_EXERCISE INSTRUCTIONS_
Where the string "soft" occurs in a line of the entries below, copy that line.

_DATA FOR THIS EXERCISE_
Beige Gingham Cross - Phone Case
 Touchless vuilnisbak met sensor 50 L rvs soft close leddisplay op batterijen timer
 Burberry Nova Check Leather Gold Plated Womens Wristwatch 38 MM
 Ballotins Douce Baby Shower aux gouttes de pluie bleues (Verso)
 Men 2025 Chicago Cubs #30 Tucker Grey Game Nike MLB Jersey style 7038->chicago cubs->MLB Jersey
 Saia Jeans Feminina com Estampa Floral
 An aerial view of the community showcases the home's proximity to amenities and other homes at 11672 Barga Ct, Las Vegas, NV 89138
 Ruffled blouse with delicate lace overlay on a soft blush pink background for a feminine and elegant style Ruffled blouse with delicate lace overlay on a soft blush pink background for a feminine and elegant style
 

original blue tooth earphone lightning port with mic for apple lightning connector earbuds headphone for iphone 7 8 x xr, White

_EXPECTED OUTPUT_
 Touchless vuilnisbak met sensor 50 L rvs soft close leddisplay op batterijen timer
 Ruffled blouse with delicate lace overlay on a soft blush pink background for a feminine and elegant style Ruffled blouse with delicate lace overlay on a soft blush pink background for a feminine and elegant style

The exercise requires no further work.